Re: ARMENIA 2015 - Genealogy - Don't Deny
Well, Austria could have sung last year about the shooting of their throne heir in 1914 by a Serb nationalist too, which led to WW1 and ultimately to their collapse, or Israel could sing about the Holocaust and the nasty Germans.
Why not let every country sing about their deepest scar? Maybe Spain should bring a song called "Gibraltar", wouldn't that be jolly? And Ireland about their war with England, the Swedes about theirs with Denmark and so on and so forth.
But that would all go against the spirit of Eurovision, since the Song Contest is conceived to bring Europe together and not apart. Teaching Turkey in their absence is not a smart move.

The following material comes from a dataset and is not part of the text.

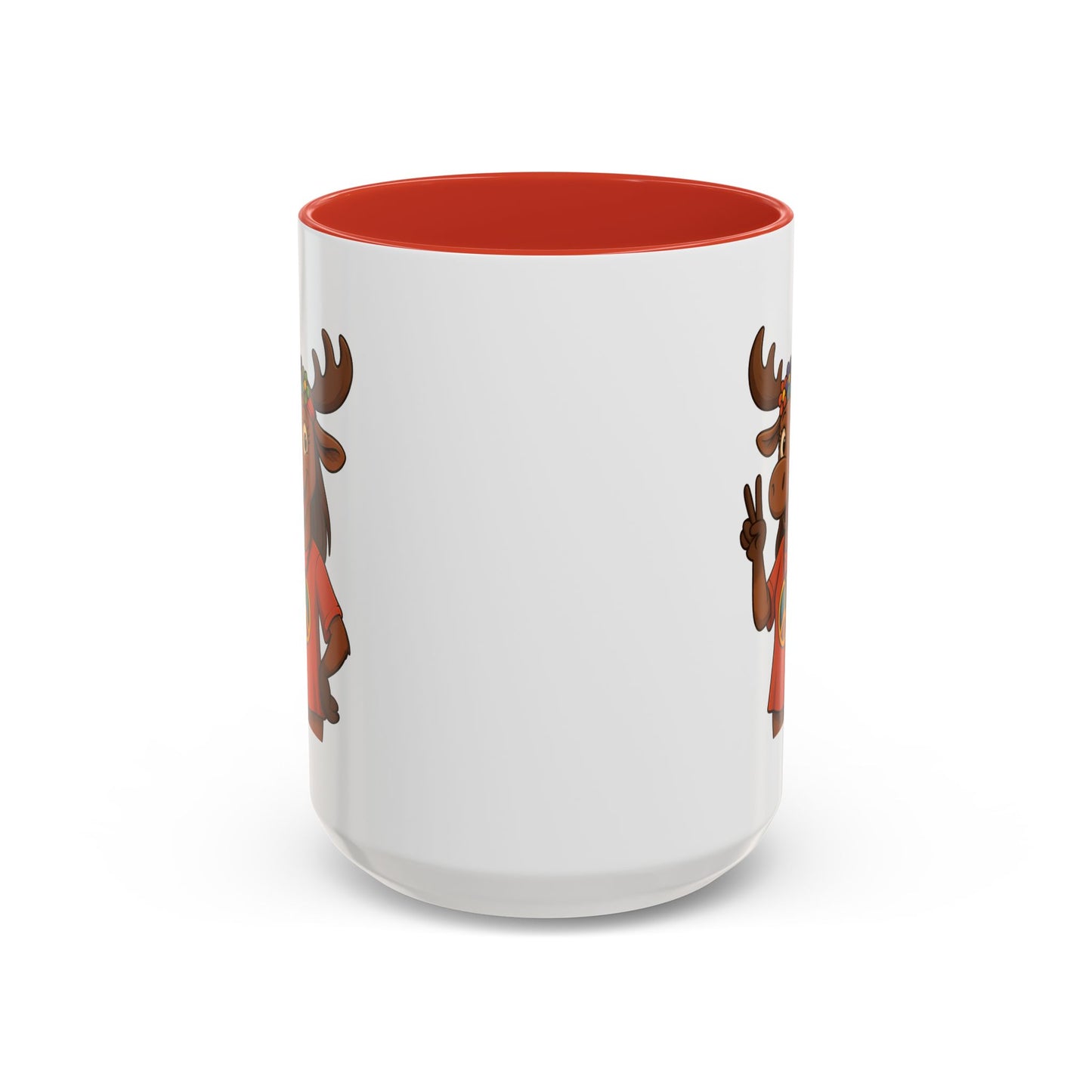 Peace Sign Moose Accent Coffee Mug — Hippie Moose with Flower Crown (11/15oz)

I'm sorry but I don't think any of those can be compared to the genocide and the political ramifications the events of 1915 have to this day.

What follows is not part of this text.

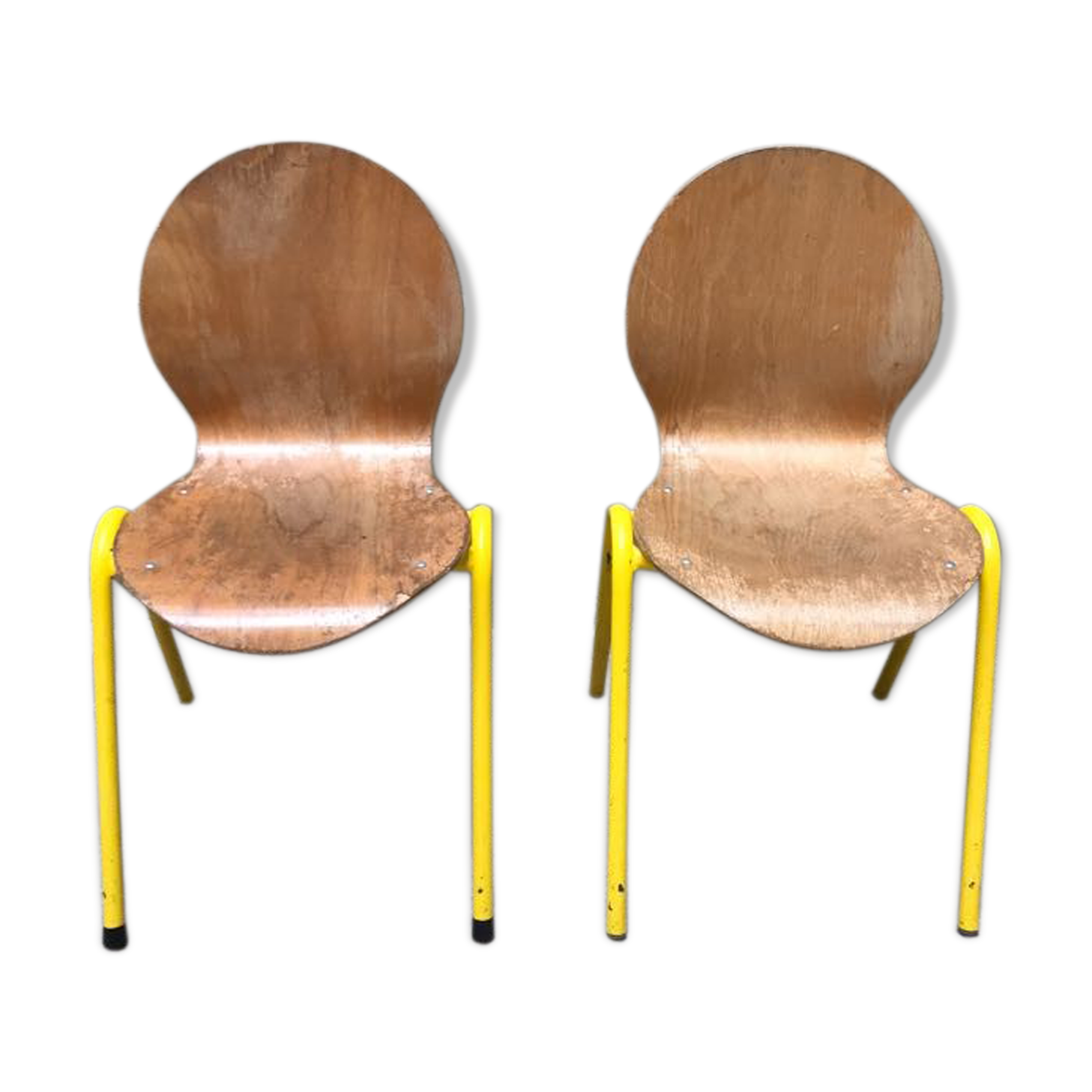 Set of 2 wooden chairs and yellow structure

None of the examples you have listed are agitated by their original perpetrators and carry nowhere near the amount of baggage people who have suffered from the genocide does. The Jews got their closure with the Germans. They have no right to sing disparagingly of the German people today because the German people of today disavowed their past and condemned it. Sweden and Denmark get along just fine with one another despite their past because both of them took active steps to get along with one another. WWI-era nationalism is no longer an issue nowadays because many countries got their fair shares.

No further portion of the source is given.